Começou no rádio, passou por algumas emissoras de TV e voltou ao rádio. O carioca ficou conhecido pelo bordão “Apontou, atirou, entrou”, e também por frases de efeito, como “Gente que se liga na gente”; Apite comigo galera”, "Loonge pra dedéu.... Pra lá de Marrakech!!! Ô xará, assim não dá!"

“E QUE GOLAÇO!”: JOSÉ SILVÉRIO (1945)

Mineiro radicado em São Paulo, é chamado de “o pai do gol”. Suas narrações são enfáticas, claras e concisas, e além de alongar ao máximo o grito de gol, usa os bordões "E que golaço!"; “Dominou, limpou, bateu”; “No peito e na raça”; “Pega que é sua”; “Agora vou soltar minha voz”.

“GOLAÇO-AÇO”: LUCIANO DO VALLE (1947/2014)

O locutor paulista de voz potente iniciou no rádio e migrou par a TV. Ficou conhecido  também por narrar esportes como sinuca, vôlei (nos anos 80) e boxe. Não era chegado a muitos jargões, dizia que falava na hora o que vinha à cabeça. Em gols usava a expressão “Golaço.. aço.”

LUIZ NORIEGA (1930/2012)

Radialista, virou referência na TV Cultura de São Paulo com seu vozeirão e narrações contidas, sem dar grito de gol, ao contrário da quase totalidade dos narradores. Era sinônimo de futebol na TV.

“EU ESTOU E-MO-CIO-NA-DO”: NILSON CESAR (1961)

Paulista de Sorocaba faz narrações vigorosas, levando sua voz quase ao limite do grito. Tem mais de 40 anos na rádio. Entre suas expressões marcantes estão “Eu estou e-mo-cio-naaa-dooo” (quando acontece um gol importante”; “Meu amigo, você quer que eu confirme o tempo de jogo?”; ”Chamouuu, falouuuu”.

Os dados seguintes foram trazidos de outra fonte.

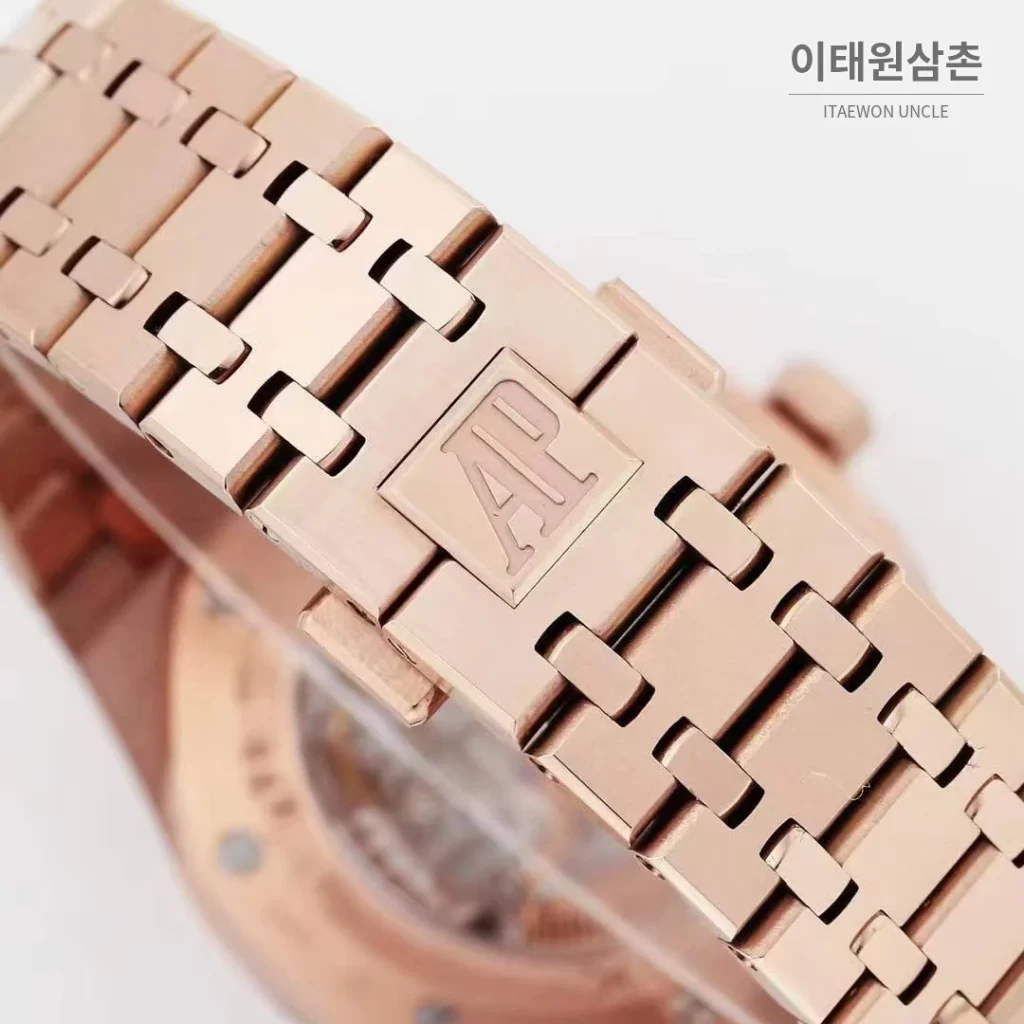 오데마피게 로열오크 퍼페추얼 캘린더 문페이즈 오토매틱 41mm 블루 / 블랙 로즈골드 브레이슬릿 (2)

“PRO GOL!”: OSCAR ULISSES (1957)

Narrador de origem no rádio, com passagens pela TV e em atividade no rádio. Irmão dvs também narradores Osmar Santos e Odinei Edson. Tem estilo um pouco mais sóbrio de locução e seu bordão mais conhecido é na hora de registrar o gol, quando diz: “Pro gol!”

“RIPA NA CHULIPA, PIMBA NA GORDUCHINHA”: OSMAR SANTOS (1949)

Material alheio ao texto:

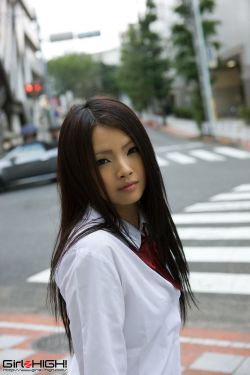 情侣之间晚上做运动有关灯的吗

Era chamado de “o Pai da Matéria” por suas narrações, por sua voz marcante e conhecimento do esporte. Criador de inúmeras expressões como “Ripa na chulipa, pimba na gorduchinha”; “Tiro-liroli, tiro-lirolá”; "Sai daí que o Jacaré te abraça, garotinho"; "Vai garotinho porque o placar não é seu"; “E que goooooollll”. Ele também cunhou o apelido que foi incorporado a Edmundo, “Animal”. Deixou a narração depois de um acidente de carro em 1994.

“GOL, GOL, GOL, GOL...”: OSVALDO REIS, O PEQUETITO (1960)

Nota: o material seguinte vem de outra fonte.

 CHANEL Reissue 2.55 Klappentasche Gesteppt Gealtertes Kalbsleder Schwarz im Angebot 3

O mineiro costuma acentuar uma sílaba de nomes de jogadores, de times, e situações de jogo, e repete várias vezes a palavra “gol” ao balançarem as redes. Conhecido por usar citações de compositores de MPB, em especial os mineiros,

“JUIZ, TERMINA O JOGO”: PEDRO ERNESTO (1950)

Gaúcho que diz não ser adepto de muitos jargões, mais centrado em fazer narrações com alto grau de emoção e torcida para os times locais... em muitas situações usa expressões de torcedores, como pedir ao juiz para terminar o jogo, por exemplo.

“OLHO NO LANCE!”: SILVIO LUIZ (1934)

Um dos mais caricatos narradores do rádio e da TV ainda em atividade. É autor de frases como “Olho no lance!!”; “Pelo amor dos meus filhinhos”; “Pelas barbas do profeta!!”; e também de expressões como “entortou a bigorna”, “sujou o avental” e “desandou a maionese”.